But what they really wanted was to make a movie.
It took the Watumulls five years to find the right screenwriter, nearly two years to get the script written, another year for filming and post production and, finally, two years to secure distribution.
The Watumulls snagged headliners Dave Annable, Katharine McPhee, Mena Suvari, Rob Schneider, Ken Davitian and Hawaii’s Tia Carrere, but they take more pride in having employed 90 percent of the production with local actors and crew when they shot it in 2009. Even the music is almost entirely from Hawaii artists.
But getting it to theaters was a struggle.
“It was a long, hard road and very difficult,” Rann Watumull said.
ALTHOUGH the finished movie tested well with audiences, distributors said its lead stars — McPhee and Annable — were better suited for TV. At the time, McPhee, who is now on the hit NBC show “Smash,” was known primarily as a runner-up on “American Idol.” Annable was starring on the ABC TV’s “Brothers & Sisters.”
“The studios loved it and had great things to say, but they have a formula for romantic comedies and that is to pair the biggest male and the biggest female star,” Gina Watumull said. “They don’t think outside the box. They like to put people in categories.”
The Watumulls refused to give up, but even after hiring an experienced third party to shop the film around, they got the same answer. Rann Watumull said it was like hitting an invisible ceiling.
“We had a lot of bumps on our heads,” he said.
They solved that by forming their own distribution company, a move that landed the film in Hawaii theaters beginning Friday, with wider release Sept. 21, in Washington, D.C., Miami, Detroit, Chicago, Dallas, Phoenix, San Diego, Los Angeles and Seattle. This fall, the film will be screened internationally in 20 countries.
If audiences laugh at the right moments, it will be due to the script, which was written by Rob Hedden, who also directed the movie.

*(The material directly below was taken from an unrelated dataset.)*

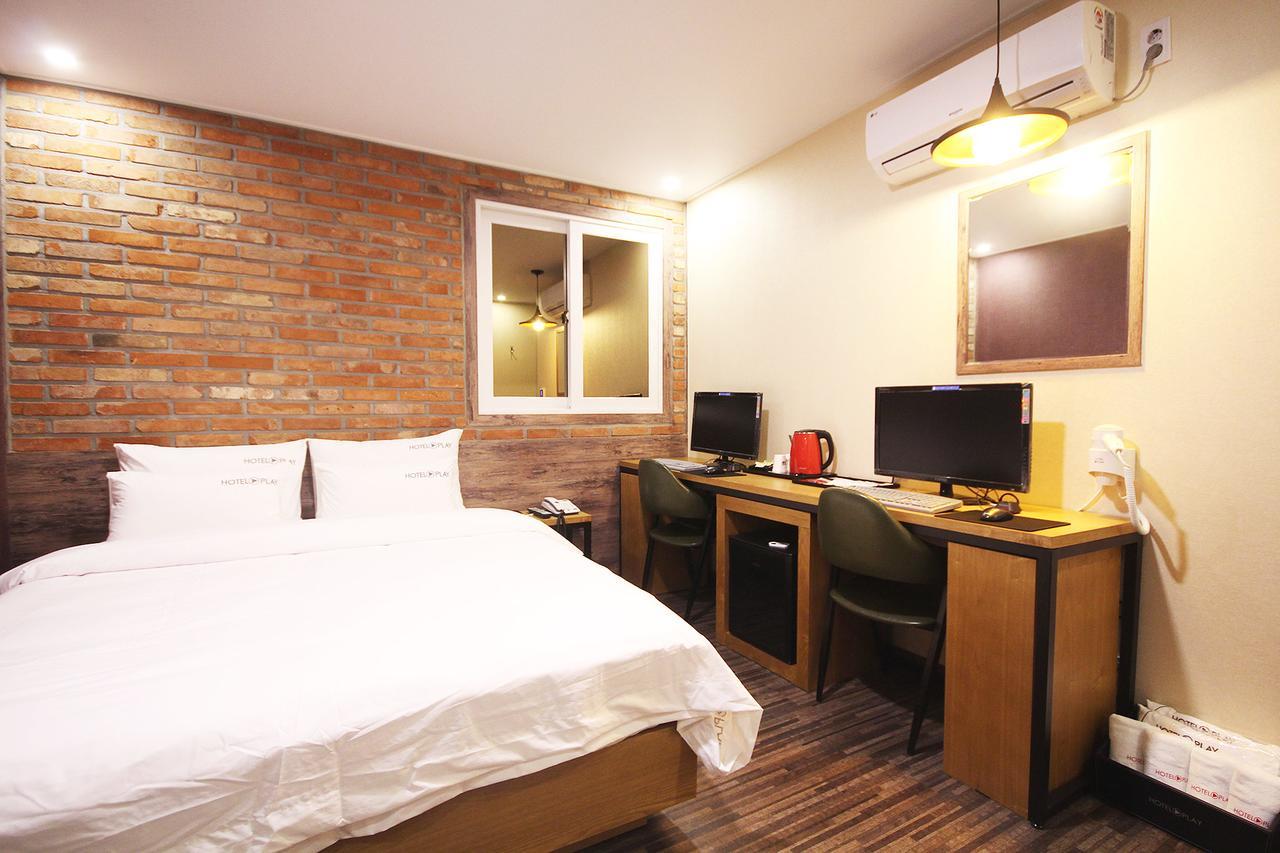 Hotel Play Pohang Ngoại thất bức ảnh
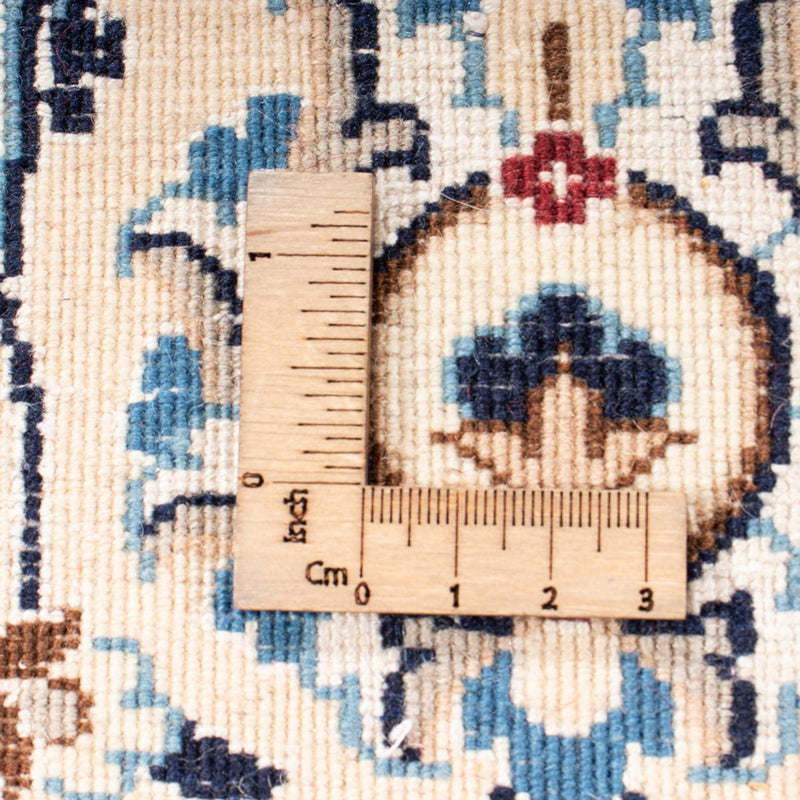 Alfombra Persa - Nain - Real - 303 x 205 cm - beige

Hedden had always dreamed of directing in Hawaii when the Watumulls asked him to come up with a story. Years earlier he had lived on Kauai with his sister and her husband, surfing every day.
Hedden brought an eclectic résumé, from episodes of TV’s “MacGyver” to “Friday the 13th Part VIII: Jason Takes Manhattan.” But he made the producers laugh with every draft as they worked through 2007 and 2008.
“A lot of people go with raunchy,” Gina Watumull said. “That’s easy and they are very successful. But Rob is more like ‘Romancing the Stone’ or ‘Moonstruck.’ It’s a cut above.”
The Watumulls look at their film as a validation for their dream.
“We are trying to create a new paradigm, to show we can do this here in Hawaii,” Rann Watumull said. “Not Hollywood comes to Hawaii, but Hawaii takes something to the world.”
AND that’s a wrap. …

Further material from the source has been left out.